Ketujuh, senantiasa intropeksi dalam perdagangan. Sudah sewajarnya bagi
seorang pedagang selalu meneliti kembali dan mengawasi apa yang telah berlangsung
antara dia dan pada orang bertransaksi padanya. Oleh karenanya al-Ghazali menyarankan
untuk selalu berbuat ’ adl (keadilan), ihsan (kebaikan) dan syafaqah (Keprihatinan dan
kepedulian) dalam menjalankan aktivitas ekonomi.
BAB III
KESIMPULAN
A. Kesimpulan
Dari kesimpulan di atas dapat di Tarik kesimpulan bahwa etika bisnis adalah
akhlak baik yang sesuai dengan tuntutan syariat di dalam suatu organisasi yang
menjual/menghasilkan barang dan atau jasa (bisnis).
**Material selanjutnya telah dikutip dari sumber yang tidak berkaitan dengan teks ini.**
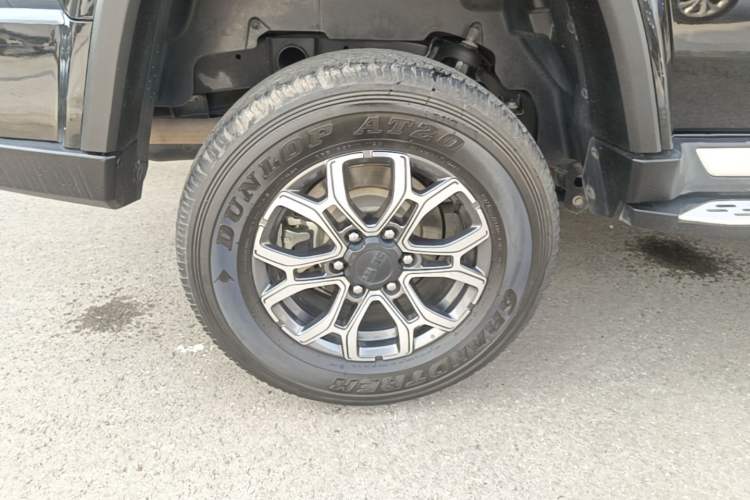 Used BAIC Off-Road BJ40 2020 2.0T Automatic Four-Wheel Drive Urban Hunter Edition Chivalrous Type Right Rear Wheel Hub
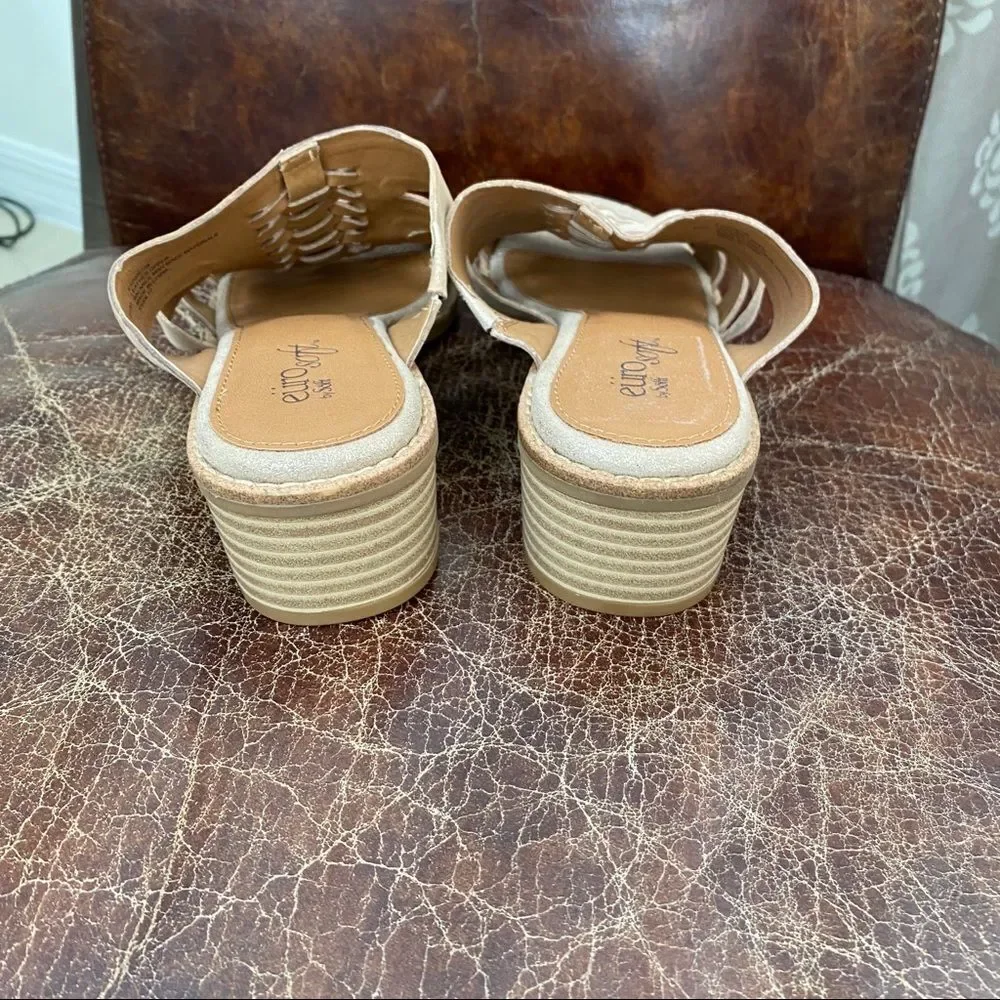 NWOB Euro By Sofft gold espadrille sandals 8 1/2 M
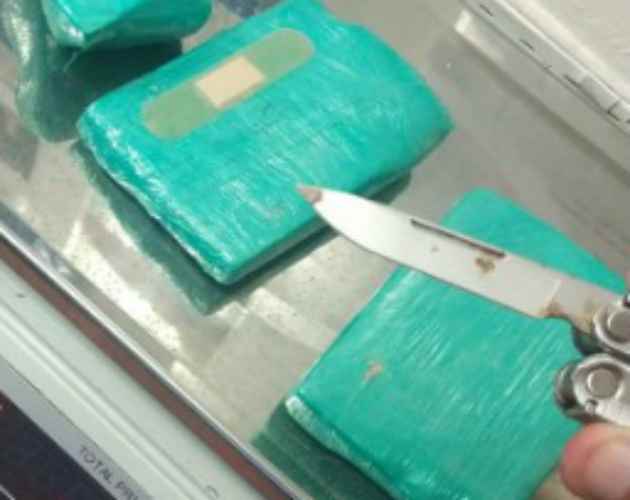 Полицейская операция в Хайфе: рядом с 3-месячным малышом обнаружены наркотики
Etika bisnis menurut al-Ghazali
yaitu tidaklah pantas bagi pedagang (pebisnis) hanya memfokuskan pandangannya
terhadap dunia saja, dengan melupakan akhirat. Jika yang terjadi demikian, maka
umurnya akan sia-sia. Sebaliknya bagi yang ber-akal dianjurkan untuk memelihara
dirinya dengan cara menjaga modalnya. Dan modal manusia di dalam kehidupan ini
adalah agama dan bisnis (perdagangan) yang ada padanya. Al-Ghazali membagi etika
bisnis menjadi tujuh, yaitu; meluruskan niat dalam berbisnis, meniati untuk melakukan
fardhu kifayah, selain memperhatikan pasar dunia juga memperhatikan pasar akhirat,
ketika bertransaksi di pasar selalu mengingat Allah swt, tidak terlalu ambisi dalam
berbisnis, menjauhi dan meninggalkan bisnis yang shubhah apalagi yang haram, dan
senantiasa berhati-hati (introspeksi) dalam berbisnis jangan sampai merugikan orang lain.